- PayPal’s Venmo said Monday it will provide a peer-to-peer account tailored to teens starting next month, letting parents and legal guardians open the accounts for teenagers who are 13 to 17 years old, according to a press release.
- The Venmo account, which will include a debit card, will let users manage their funds while parents and guardians are able to view the transactions, manage the privacy settings and send money to the teens.
- The new service will only be available for a select group of users in June, and more “widely available in the coming weeks,” the company said.
The teen accounts’ privacy settings will automatically be set to “private,” with parents or guardians able to view the teens’ friends list, in addition to their payments. Only the parents and guardians will be able to alter the privacy controls, per the press release.
The account will also offer teens customizable card designs and allow them to receive direct deposits from their after-school jobs or other sources.
PayPal Senior Vice President Doug Bland mentioned late last year at a conference that the company was testing a teen account. He also noted that roughly 25 million teenagers aged 13 to 17 already use the regular app, and a third of their parents use it.
Given that Venmo users tend to have higher incomes and skew younger, PayPal aims to focus more on the app as a pathway toward growing its user base. Now, the company is accepting new applicants for the service.
Venmo’s new teen product lets parents and guardians manage their teen’s debit card, including changing their PIN, locking and unlocking their debit card and blocking users from interacting with an account, per the press release.
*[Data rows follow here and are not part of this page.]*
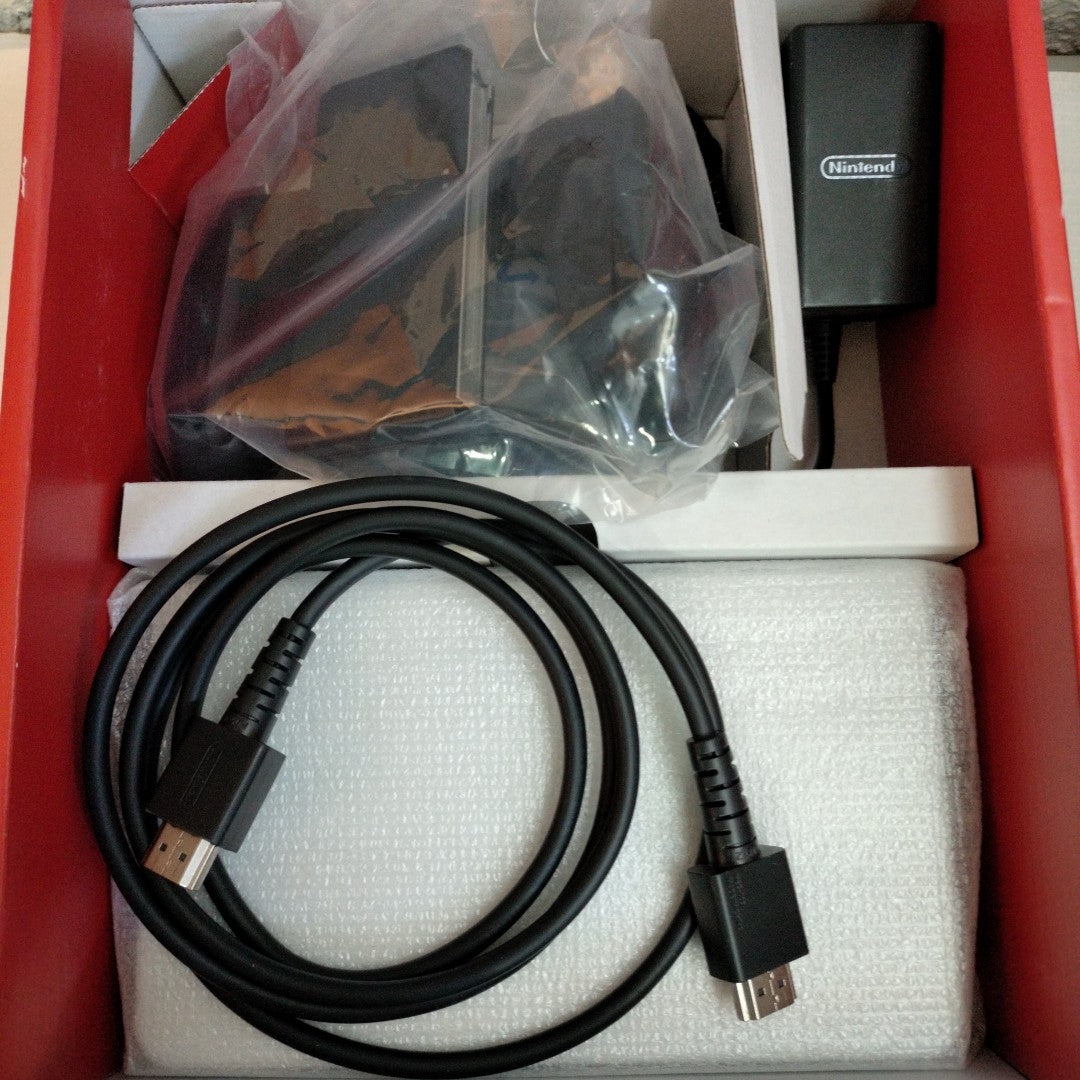 CONSOLA DE VIDEOJUEGO NINTENDO SWITCH OLED 64 GB (SEMINUEVO)
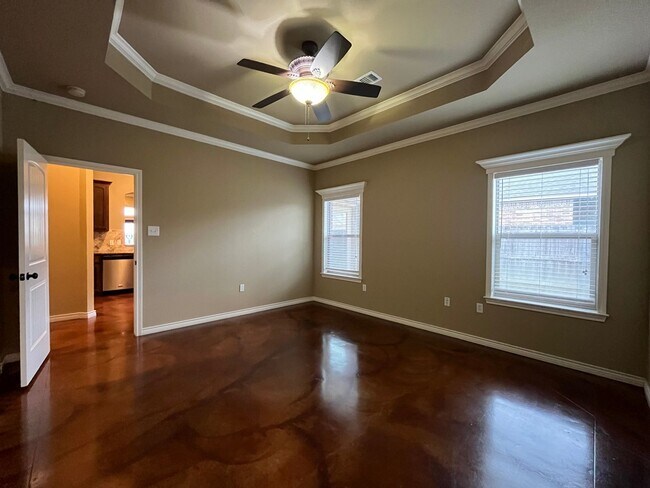 Building Photo - 3 Bedroom Single Family Home
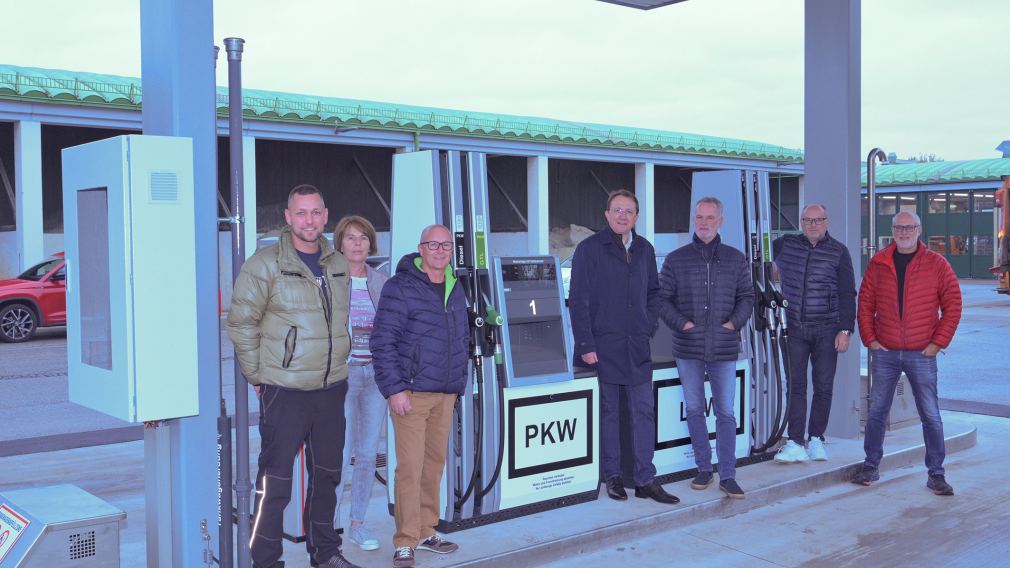 Manuel Gaupmann, Monika Schindlegger, Ing. Walter Krieger, Bürgermeister Matthias Stadler, Baumeister Ing. Wolfgang Maier, Baudirektor Wolfgang Lengauer und Peter Puchner besichtigen die neue Tankanlage am städtischen Wirtschaftshof. (Foto: Josef Vorlaufer)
The card also comes with a $400 daily withdrawal limit and charges $2.50 ATM domestic withdrawal fees at ATMs not in the MoneyPass network, according to the press release.
Venmo pitched the service to parents as a way to teach their kids about money management. “Venmo is a natural place for teens to learn how to engage with money responsibly, especially considering 86% of Gen Z are interested in using an app to learn about personal finance,” Venmo Vice President Erika Sanchez said in the statement.
PayPal has sought to introduce more services that will increase the company’s profit margins as the growth of its branded checkout service slows. Recently, it’s been relying more heavily on its unbranded services, such as those offered by its Braintree unit, to support growth, but those services have lower margins.